- [TRY IT]: For the data that follows, return each line unchanged and drop the pictures.

- [PROVIDED MATERIAL]:
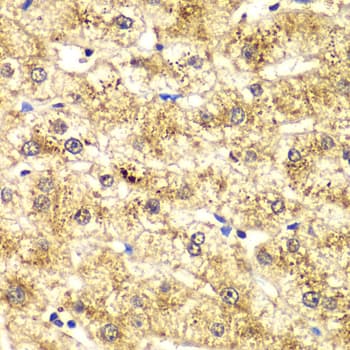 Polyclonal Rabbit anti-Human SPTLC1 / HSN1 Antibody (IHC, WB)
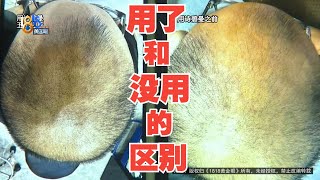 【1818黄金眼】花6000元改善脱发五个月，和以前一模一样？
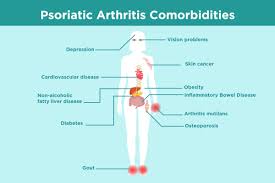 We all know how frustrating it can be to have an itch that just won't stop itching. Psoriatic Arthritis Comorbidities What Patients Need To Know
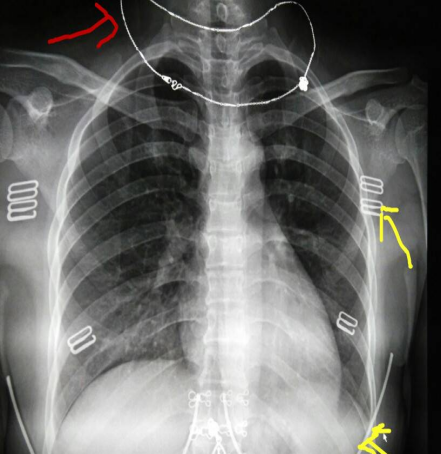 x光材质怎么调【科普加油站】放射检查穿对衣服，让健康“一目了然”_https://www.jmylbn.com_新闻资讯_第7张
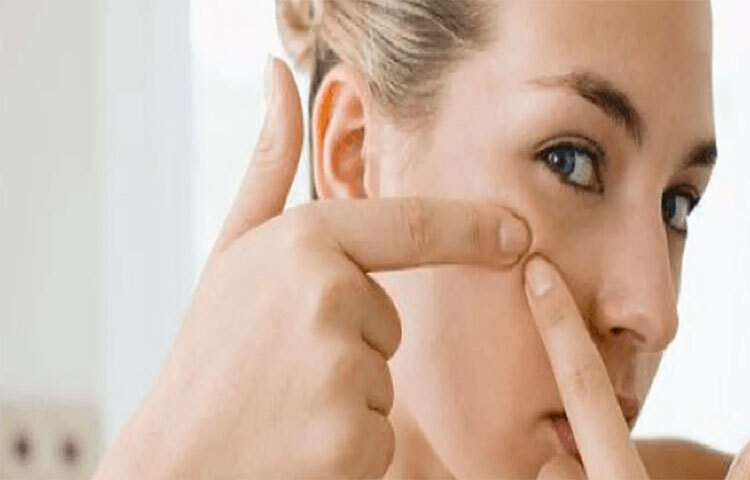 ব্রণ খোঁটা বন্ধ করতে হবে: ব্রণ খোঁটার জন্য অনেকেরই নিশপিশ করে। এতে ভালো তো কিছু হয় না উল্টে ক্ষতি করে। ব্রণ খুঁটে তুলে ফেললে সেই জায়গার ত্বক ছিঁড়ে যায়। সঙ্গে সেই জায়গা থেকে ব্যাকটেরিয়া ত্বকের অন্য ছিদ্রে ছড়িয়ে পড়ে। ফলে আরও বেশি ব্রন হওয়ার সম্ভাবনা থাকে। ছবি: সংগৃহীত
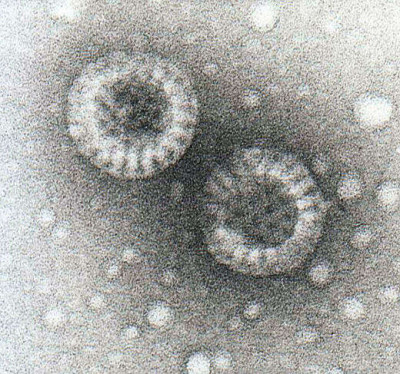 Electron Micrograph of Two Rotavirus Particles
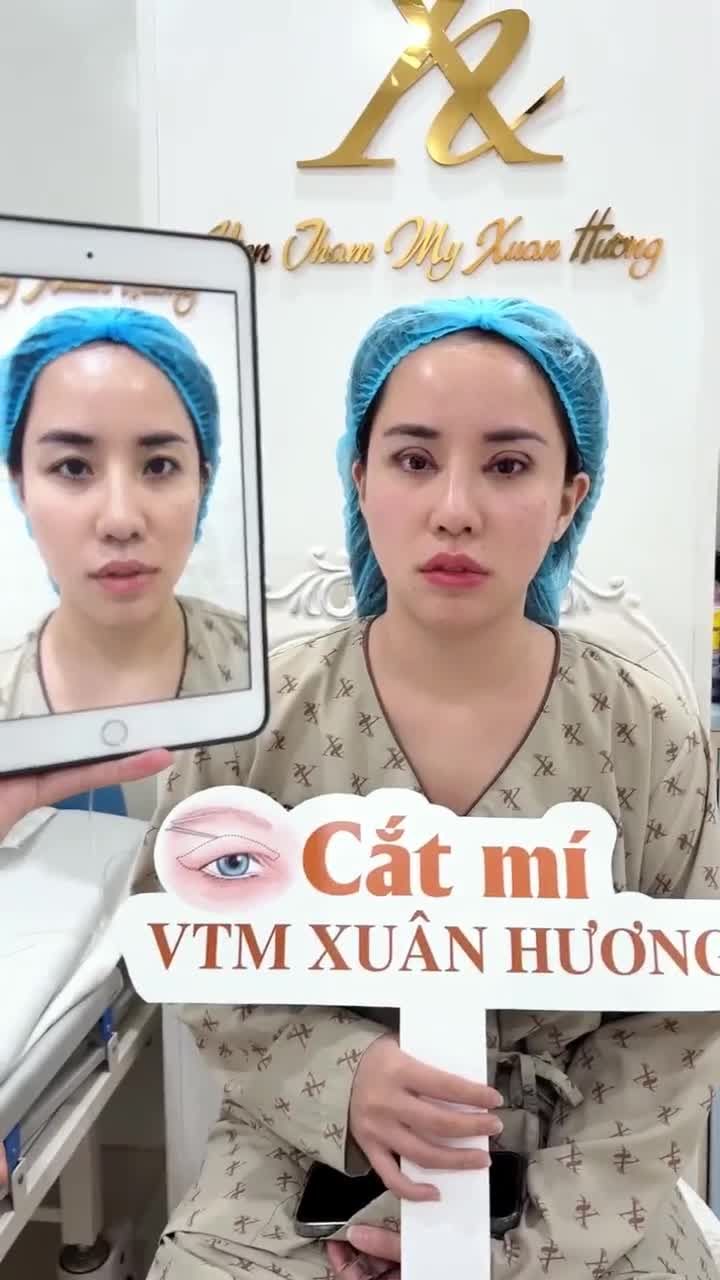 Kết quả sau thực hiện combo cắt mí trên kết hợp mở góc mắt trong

- [RESPONSE BOX]:
 Polyclonal Rabbit anti-Human SPTLC1 / HSN1 Antibody (IHC, WB)
 【1818黄金眼】花6000元改善脱发五个月，和以前一模一样？
 We all know how frustrating it can be to have an itch that just won't stop itching. Psoriatic Arthritis Comorbidities What Patients Need To Know
 x光材质怎么调【科普加油站】放射检查穿对衣服，让健康“一目了然”_https://www.jmylbn.com_新闻资讯_第7张
 ব্রণ খোঁটা বন্ধ করতে হবে: ব্রণ খোঁটার জন্য অনেকেরই নিশপিশ করে। এতে ভালো তো কিছু হয় না উল্টে ক্ষতি করে। ব্রণ খুঁটে তুলে ফেললে সেই জায়গার ত্বক ছিঁড়ে যায়। সঙ্গে সেই জায়গা থেকে ব্যাকটেরিয়া ত্বকের অন্য ছিদ্রে ছড়িয়ে পড়ে। ফলে আরও বেশি ব্রন হওয়ার সম্ভাবনা থাকে। ছবি: সংগৃহীত
 Electron Micrograph of Two Rotavirus Particles
 Kết quả sau thực hiện combo cắt mí trên kết hợp mở góc mắt trong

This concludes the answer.